Туг читателю предстоит удивиться, узнав, что политические рекомендации славянофилов буквально совпали с «политической мечтой» князя Курбского. Сводились они к созыву Земского собора, с которым «мог бы всякий день советоваться о делах мира царь». Дополнительным преимуществом было бы то, что подавляющее крестьянское большинство Собора смело бы все конституционные притязания европеизированной «публики», чем, полагали славянофилы, тотчас и «посрамило бы все парламенты мира».
Подумать только, поколения протекли, отвоевали свое и умерли, но поздние потомки средневековых оппозиционеров, обучившиеся в проклятой ими Европе философскому языку, называя вещи другими, неведомыми архаическим московским публицистам именами, ссылаясь на Шеллинга и воюя с Гегелем, предлагали славянофилы то же самое, что и бедные, забытые и оклеветанные их предки. Несмотря даже на то, что преследовали они при этом цели прямо противоположные. Факт, согласитесь, замечательный, хотя опять-таки странным образом не замеченный историками.
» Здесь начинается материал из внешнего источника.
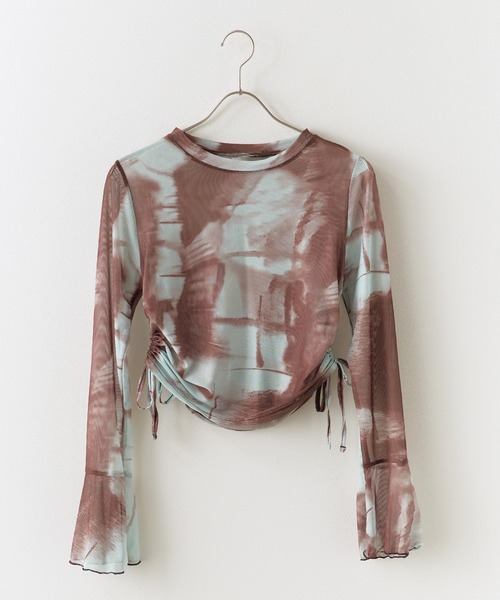 Chick(チック)の「Vintage Like Sheer Tops / ヴィンテージ風シアートップス(Tシャツ/カットソー・レディース・グレー/ブラック/ベージュ/グリーン/ブルー・FREE)」の19枚目の写真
Только слишком уж много утекло с XVI века воды под мостами, чтобы рекомендации пращуров сработали в руках далеких потомков. Совсем другая была утех под ногами земля. Да и сама история, которой они так хотели гордиться, отчаянно противилась их усилиям. Вот самый яркий, пожалуй, пример. Не могло ведь быть в благодатной московской нации-семье крепостного права, которое они сами же и называли «мерзостью рабства законного». Не могли русские люди обращать в рабство соотечественников в эпоху «союза земли и государства», когда страна была еще надежно закрыта от чуждого европейского влияния. Что же в этом случае делать?
«Миф земли», противопоставленный славянофилами «государственному мифу», требовал жертв. Но каких? Не могли же они с чистой совестью вопреки общеизвестным уже и в их время фактам привязать возникновение крепостного права к эпохе ненавистного им Петра. Ибо возникло-то оно при Грозном — в разгар вроде бы семейного благополучия Москвы.
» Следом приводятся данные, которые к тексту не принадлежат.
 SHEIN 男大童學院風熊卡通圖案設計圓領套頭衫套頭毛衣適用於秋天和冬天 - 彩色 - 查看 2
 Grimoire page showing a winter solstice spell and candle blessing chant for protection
Не должно было возникнуть, не могло возникнуть, но возникло проклятое. Удивительно ли, что Грозный стал буквально бревном в славянофильском глазу? Явись он после Петра, все было бы на месте. Но мало того, что явился он до Петра, европеизмом от него и не пахло. Неоспоримо был он со своей кошмарной опричниной и крепостничеством чудовищным порождением вполне отечественной холопской традиции, которую они обожествили и которой как раз и противостояла совершенно европейская договорная традиция вольных дружинников.
Признать это было бы фатальным ударом не только по исторической концепции славянофилов, но и по всей их политической доктрине, опиравшейся на эту концепцию. Как, однако, не признать факт? Увы, не удалось им решить эту головоломную задачу не только во времена Аксакова, но и полтора столетия спустя. Еще и на закате XX века безуспешно бились над нею их далекие потомки.
Эти, впрочем, пройдя советскую «школу фальсификации», не стеснялись просто подменять предмет спора другими, не имеющими отношения к делу сюжетами. Читатель помнит, как А. Н. Сахаров, объясняя, что «между «восточной деспотией» Ивана IV и столь же «восточной деспотией» Елизаветы Английской разница не так уж велика», обосновывал свой тезис удивительным сравнением камер средневекового Тауэра с казематами послепетровского Шлиссельбурга. Два десятилетия спустя В. В. Кожинов, ссылаясь на другого советского историка, доказывал, что «при этом царе было уничтожено [всего лишь] около 3-4 тысяч человек. Между тем, как давно установлено, в Англии казнено было при Генрихе VIII 72. тысячи, при Елизавете — свыше 89 тысяч». «Обилие казней» при Грозном, заключал Кожинов, «объясняется... тем, что он жил в XVI веке».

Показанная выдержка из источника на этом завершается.